── GIVEN MATERIAL ──

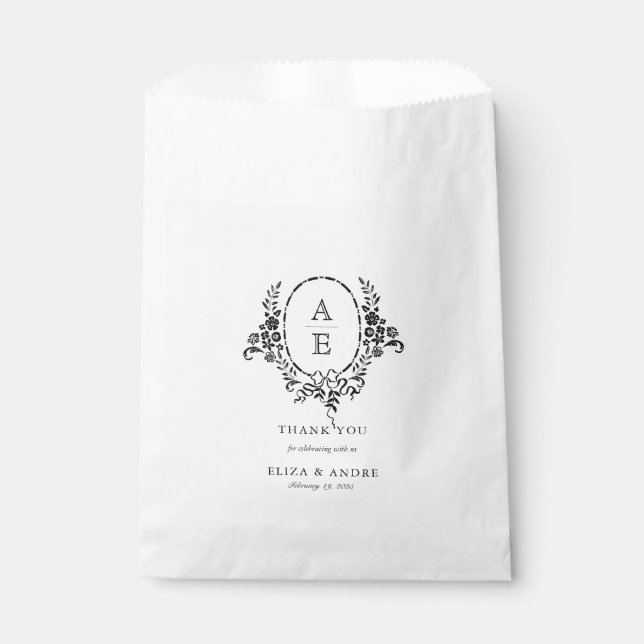 Bolsa De Papel Elegante Boda de Monograma Floral Blanco y Negro (Anverso)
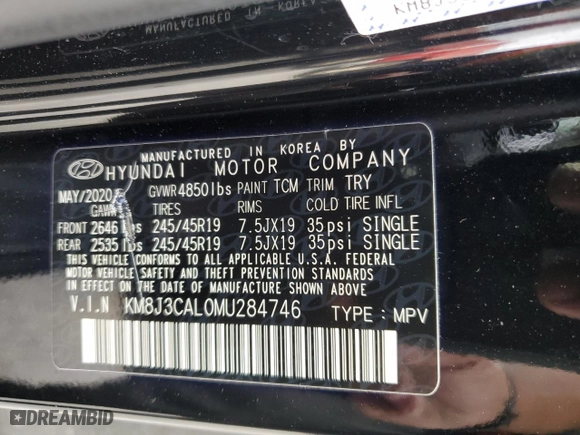 2021 Hyundai Tucson Limited with VIN KM8J3CAL0MU284746, listed as a Copart auction lot 75487414 with 33,883 mi miles and Salvage Title. Bid and sale history available at carsss.com. Image 13.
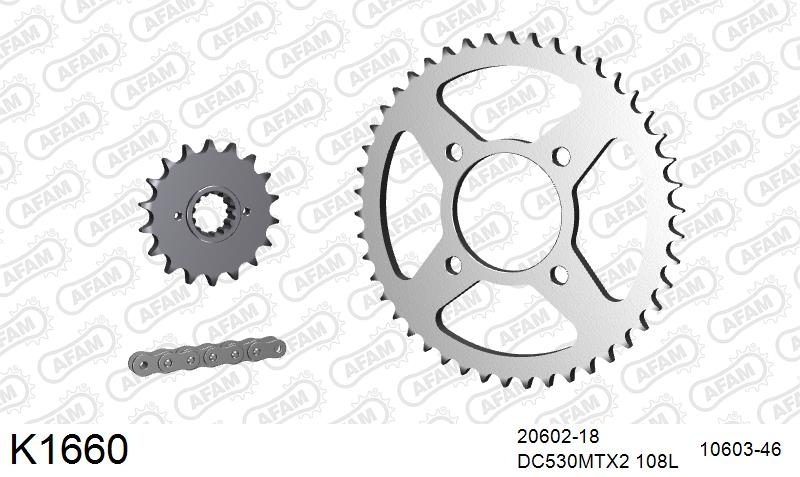 530MTX3 108L PLS (RIVET) & SPROCKETS foto 2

───

Would you copy all the material exactly, dropping the pictures?

> RESULT BELOW
 Bolsa De Papel Elegante Boda de Monograma Floral Blanco y Negro (Anverso)
 2021 Hyundai Tucson Limited with VIN KM8J3CAL0MU284746, listed as a Copart auction lot 75487414 with 33,883 mi miles and Salvage Title. Bid and sale history available at carsss.com. Image 13.
 530MTX3 108L PLS (RIVET) & SPROCKETS foto 2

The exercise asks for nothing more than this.